# Re-Build or Sell (repair or replace part II)



## cruzthepug (Mar 16, 2008)

Now that I have the answer the this question, the question is what to do with the broke Kimber?

I think I will sell off the Crimson Trace grips, that will bring a couple hundred bucks. Now, do I try to sell off the rest of the parts and re-coupe the most I can? Or, after selling the grips buy a frame and barrel and re-build it my self. After looking around at several places I think I would end up spending close to what Kimber wanted, maybe save about $100 depending on what I got. I can find carbon steel frames for $200, aluminum frame sell in the upper 2's and stainless for about $350. Barrel's are ~$200.

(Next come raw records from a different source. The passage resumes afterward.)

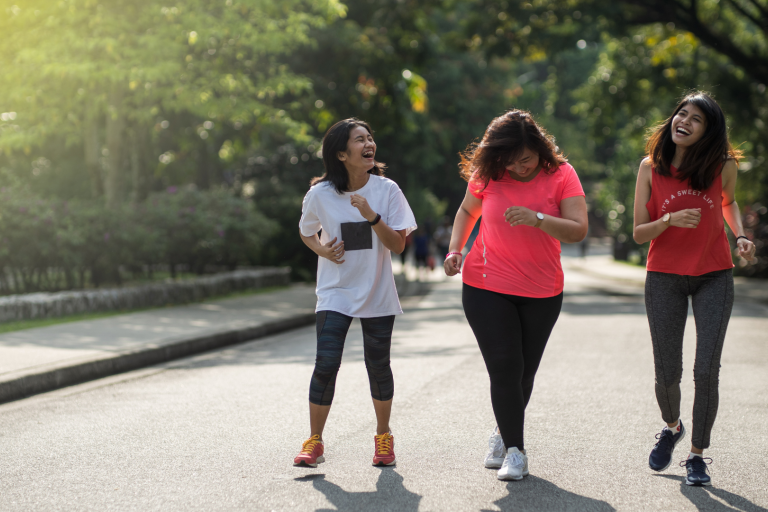 Three teenage girls walking in park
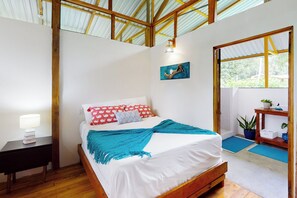 Ein Schlafzimmer mit einem hölzernen Bett, weißen Wänden und einem Oberlicht.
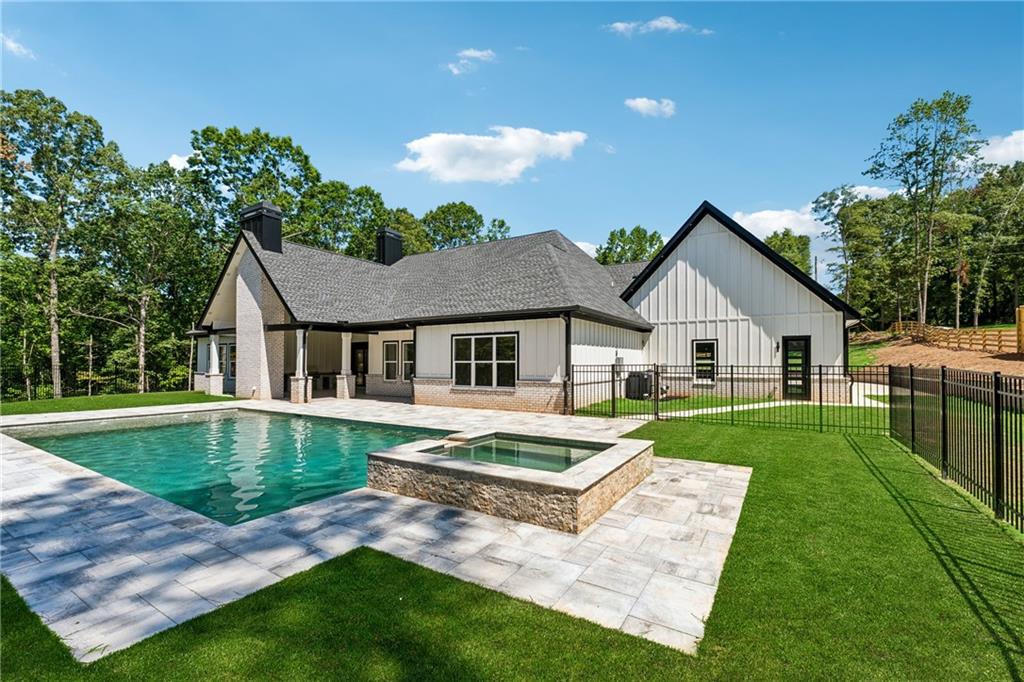 1622 Double Springs Monroe, GA 30656 - Photo 3 of 40 a front view of a house with garden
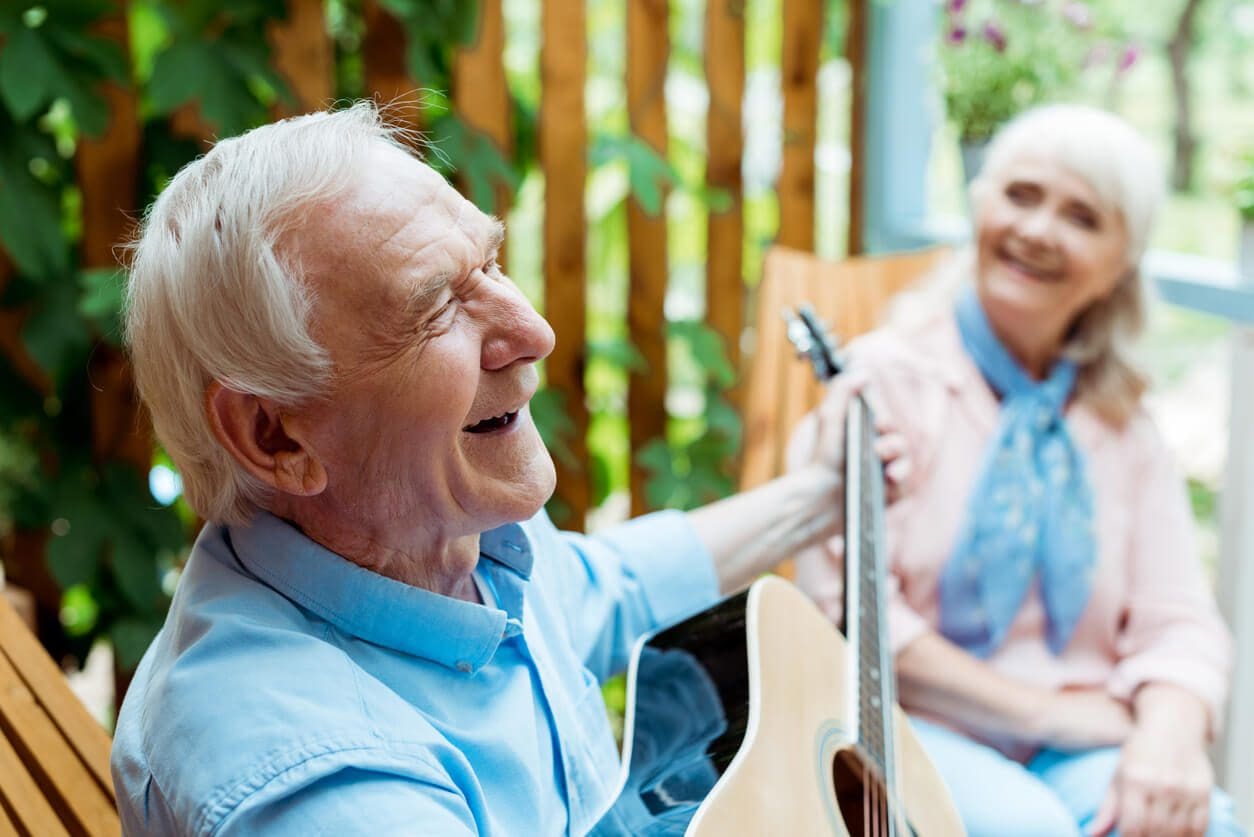 elderly couple playing guitar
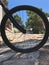 Bike Wheel. Mountain, ramp, trees and sky.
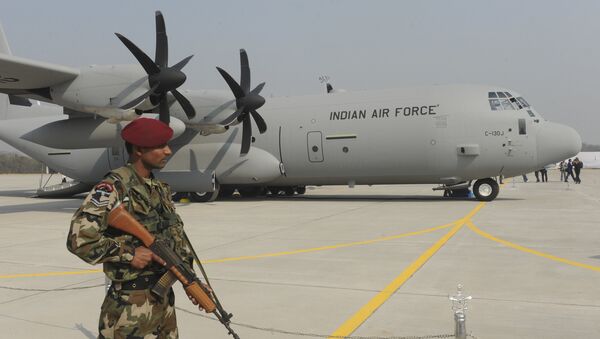 An Indian soldier stands guard in front of the first of the six C-130J Super Hercules, a US military aircraft manufactured by Lockheed Martin. (File) - Sputnik International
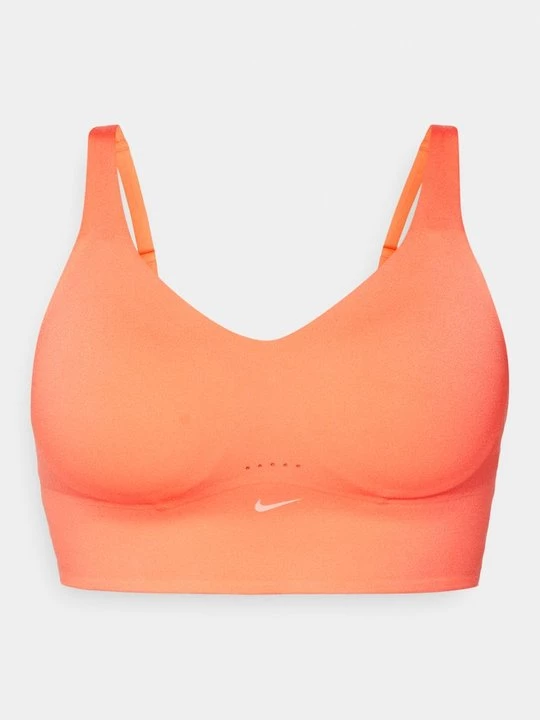 Obrázek produktu Sportovní podprsenky se střední oporou Nike korálová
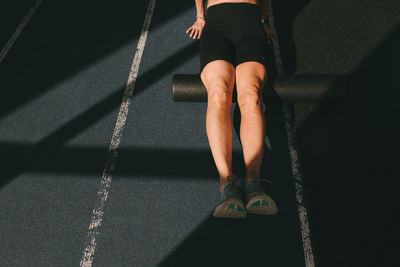 Low section of woman standing on floor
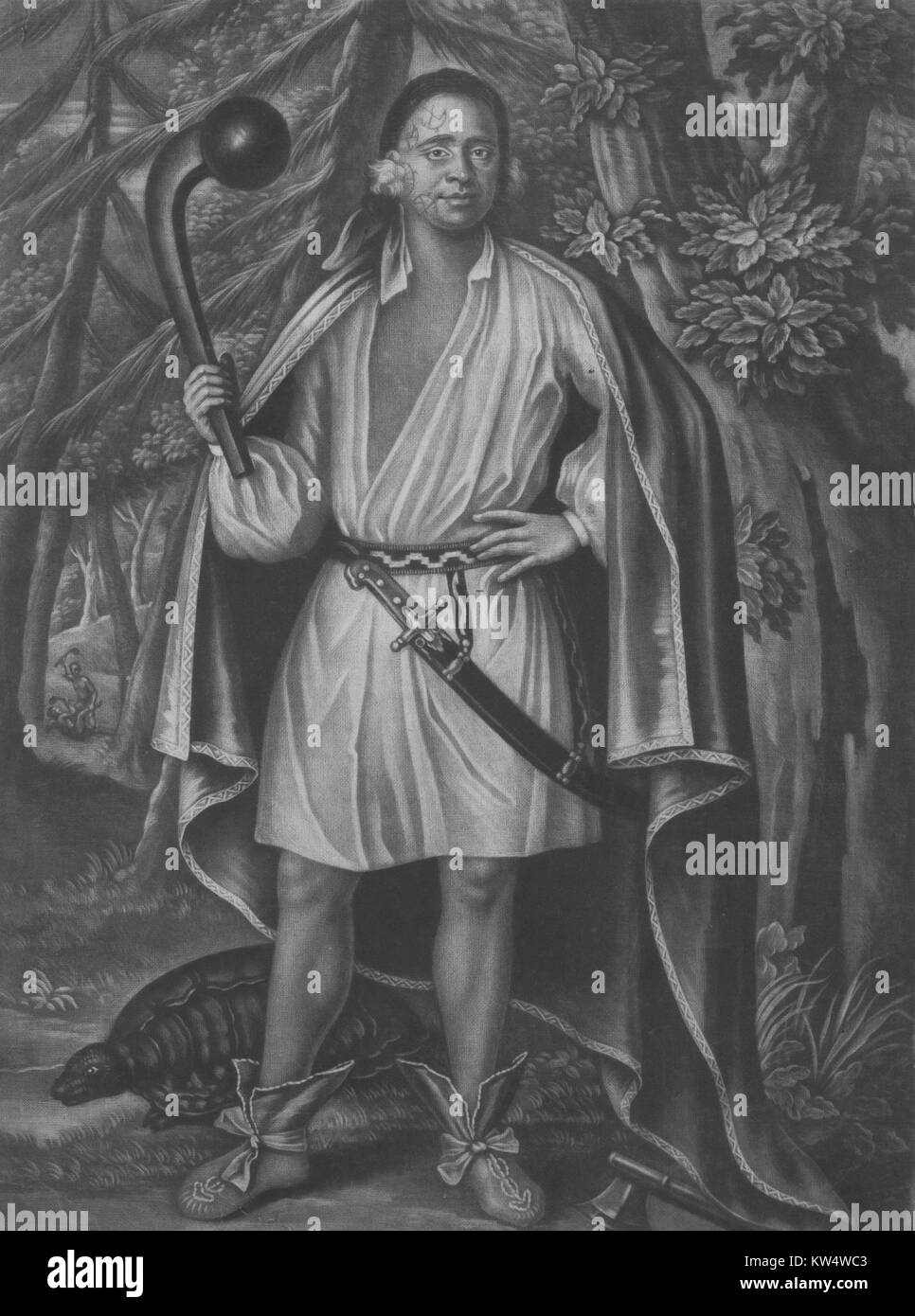 Portrait of Etow Oh Koam, King of the River Nation with tattoos on face, holding up a large club, wearing a hunting shirt and blanket, a large tortoise at his feet, 1710. () Stock Photo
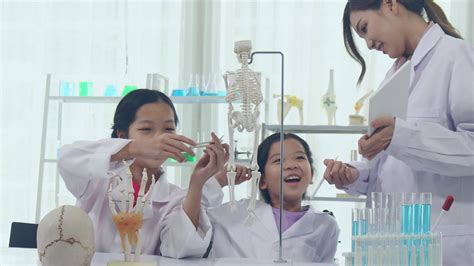 Asian schoolgirls are studying science and technology in a lab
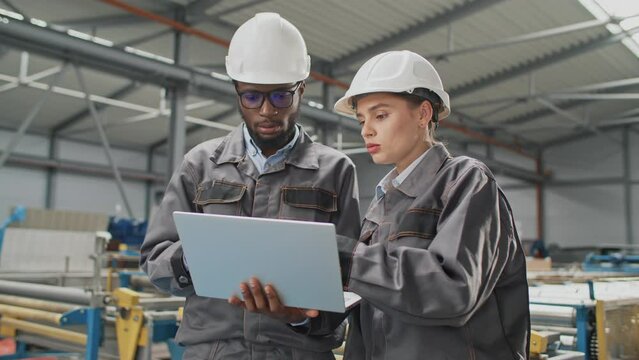 Two mixed-raced workers using laptop while standing in factory. Busy engineers looking for breakdown in production machine on technology device. Hardworking people speaking while working together.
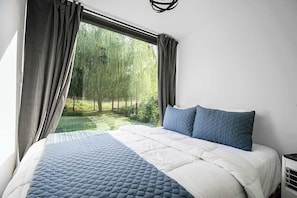 A bedroom with a large bed, grey curtains, and a view of a garden.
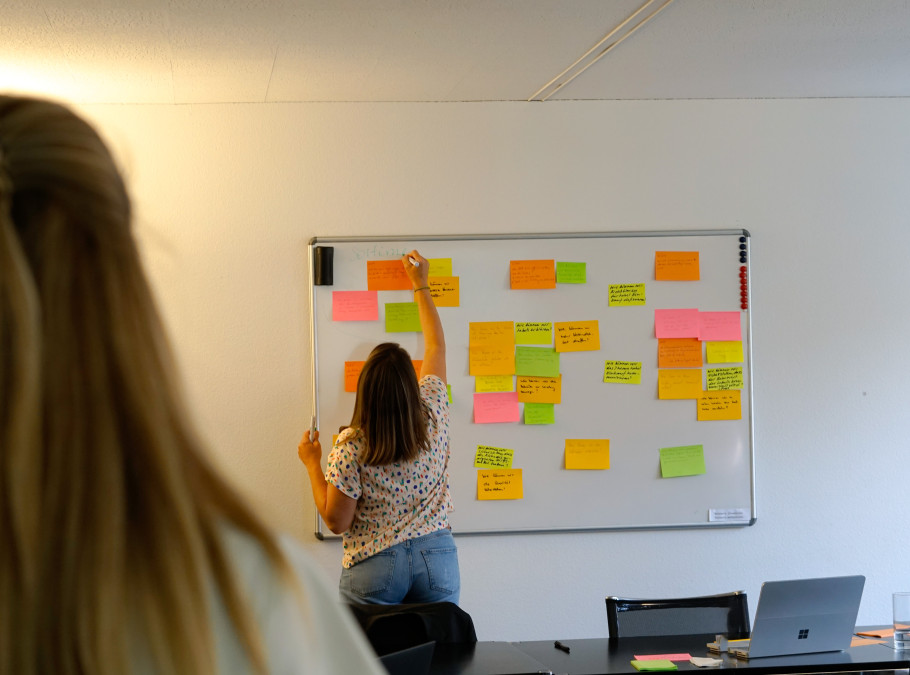 Frau an einem Whiteboard klebt Zettel hin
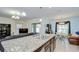 Modern kitchen featuring granite countertops, stainless steel appliances, and an eat-in area at 2723 Garden Falls Dr, Brandon, FL 33511
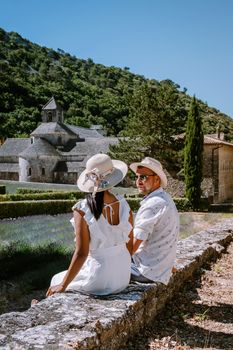 couple visit the old town of Gordes Provence,Blooming purple lavender fields at Senanque monastery, Provence, southern France. Europe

If I end up rebuilding, I would like a matte silver/stainless finish on the frame. The steel would require some type of finish put on to keep it from rusting, don't know if the white metal could be done with clear to keep that look. A brushed aluminum frame I would just have clear anodized and of course stainless would just be stainless. So, cost of finishing would also need to be considered.

I keep thinking that I want to try to re-build for less that what Kimber was going to charge to make myself feel better about the whole situation, but I know if that's what I decide to do, like anything else, I'll end up spending more. :mrgreen:

Thought, suggestions?


----------



## Todd (Jul 3, 2006)

Rebuild it to the specs and finish you want. You're in no rush, so do it little by little as time and money allow, and have one sweet gun when you're finished.


----------



## bruce333 (Sep 1, 2006)

Todd said:


> Rebuild it to the specs and finish you want. You're in no rush, so do it little by little as time and money allow, and have one sweet gun when you're finished.


+1

You've already bought a replacement for it, so... Quit thinking of it as a repairable gun and think of it as an assembly of parts.


----------



## cruzthepug (Mar 16, 2008)

bruce333 said:


> +1
> 
> You've already bought a replacement for it, so... Quit thinking of it as a repairable gun and think of it as an assembly of parts.


Your absolutely right, that's the perfect analogy.

I've always wanted a Wilson Combat but never thought I could see myself spending 3k at one time on a gun. I guess a Wilson frame and barrel would be the next best thing :mrgreen:


----------



## cruzthepug (Mar 16, 2008)

Got the gun back from Kimber yesterday, minus the barrel and slide stop. Got it took apart last night, now it is just a bunch of parts :mrgreen: I was a little disappointed they didn't send back the barrel, I was wanting to actually see the damage.


----------



## cruzthepug (Mar 16, 2008)

Here's my new gun :mrgreen:...............well, at least parts of it.


----------